After thorough testing, Joe's comments table can be basically put in place of the original in one fell swoop with no interruption to Jim's development. Multiply this time 40 developers and it allows all 40 to work on the same dev db without blowing each other's stuff up (or less often at least).

Neville K's answer captures the essence but is perhaps a bit brief.

Schemas are essentially namespaces. They're useful in the same kinds of situations that namespaces are useful in programming: where you have many things, so many that you want to partition them into separate sub-collections (many -- but fewer than (say) 10,000 such sub-collections, given that there's a single level), while being able to inter-operate among them. Using schemas can allow more 'natural' naming standards for other database objects.

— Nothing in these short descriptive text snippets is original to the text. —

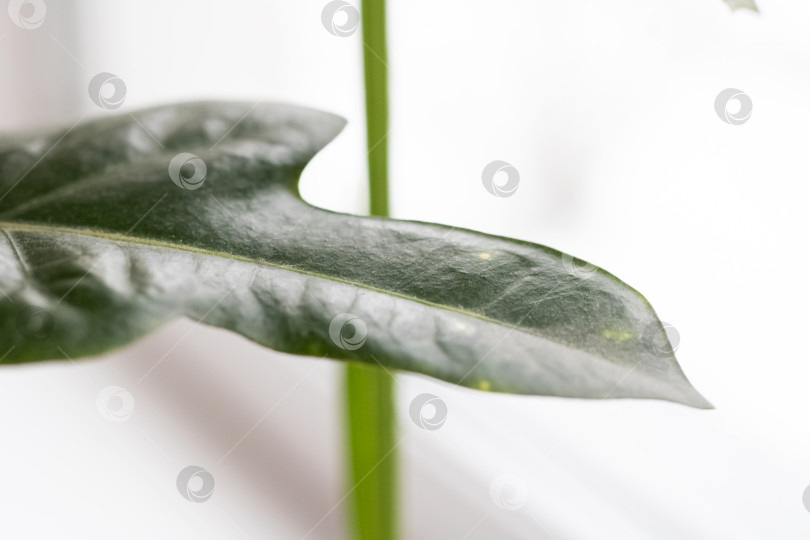 Скачать Большой зеленый лист домашнего растения фотосток Ozero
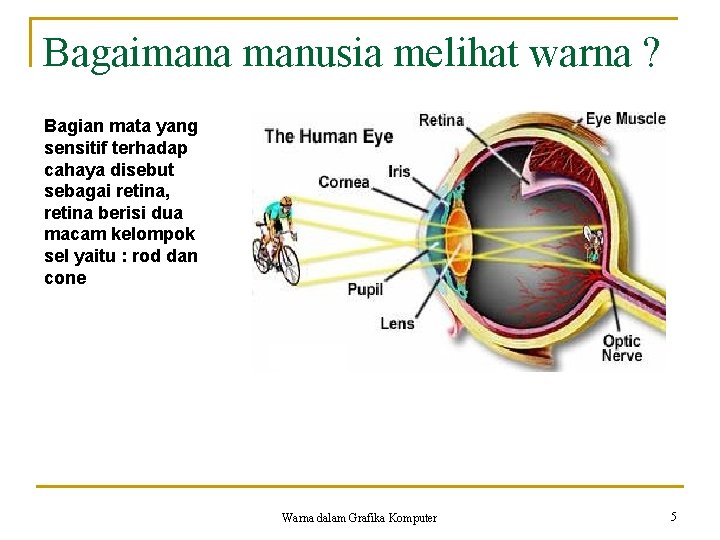Bagaimana manusia melihat warna ? Bagian mata yang sensitif terhadap cahaya disebut sebagai retina,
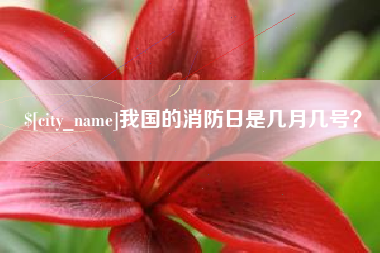 滕州我国的消防日是几月几号？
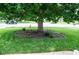 Front yard features a large tree, well-maintained lawn, and simple landscaping at 907 Stuart Dr, Mebane, NC 27302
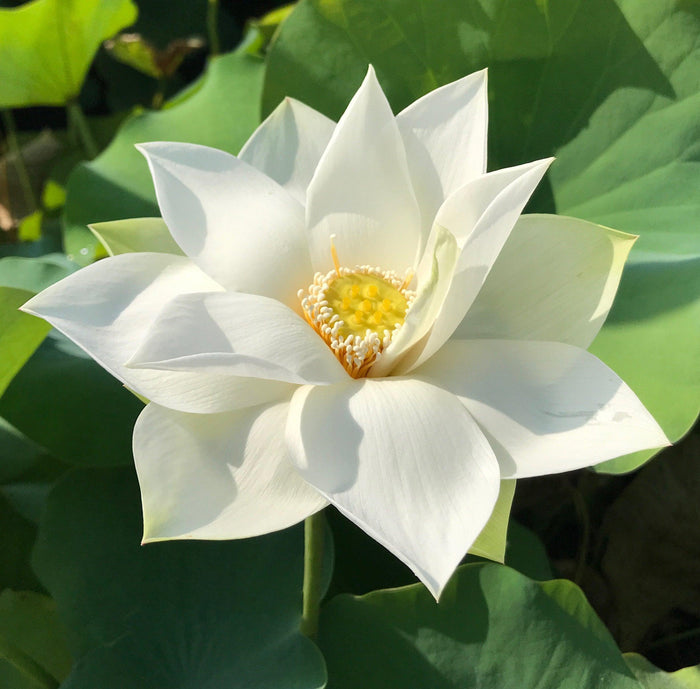 Baby Doll - Classic White Lotus (Bare Root) - Play It Koi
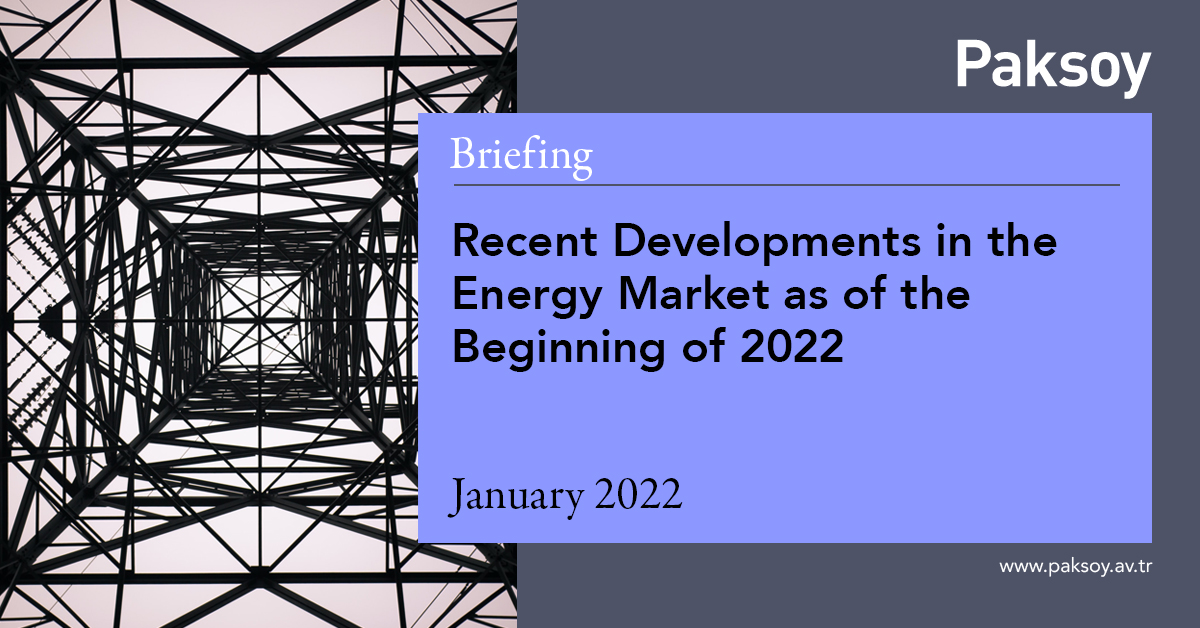 Recent Developments in the Energy Market as of the Beginning of 2022 ...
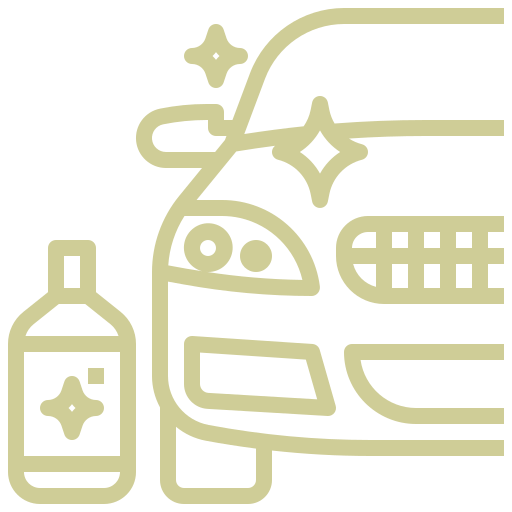 Professional Car Detailing Service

As an aside, the value of namespaces isn't appreciated by new programmers either. That seemingly trivial benefit of allowing multiple objects to have the same name isn't so trivial, it turns out. It's only when one has worked for a while on larger projects (with thousands of 'code objects': tables, views, indices, stored procedures, domains, etc.) that one comes to understand that the benefits of namespaces outweigh their costs.

In an earlier age (and not with PostgreSQL), I worked for a computer bureau with about 20 customers, ranging from 250 concurrent users of the DBMS down to one, each via private leased telephone lines. (This was before the internet.) Each customer had its own schema, with an admin user (role) that could create and drop other users as employees came and went, grant and revoke privileges, and do a limited amount of data definition work and import/export in their own schema. As a developer I had to use schemas because there was only one DBMS instance and one database. So... if the above is not convincing, you could say that schemas are in the SQL standard (for historical reasons), therefore PostgreSQL has support for schemas.

Today, a somewhat similar situation to mine might arise in a lab environment, where several researchers (or hundreds of students) each want to work on their own data while having access to a common set in the public schema. Using schemas helps stop accidents: inadvertently trampling on each others' data.

The key benefit for schemas is to provide a logical grouping for your database tables. The most likely use cases are:

To run different logical applications within the same DB - for instance, you might have an enterprise system, and want to create schemas called "userprofiles", "projects", "finance" etc.
To create similar versions of the same group of tables, for instance for "development", "qa" and "production"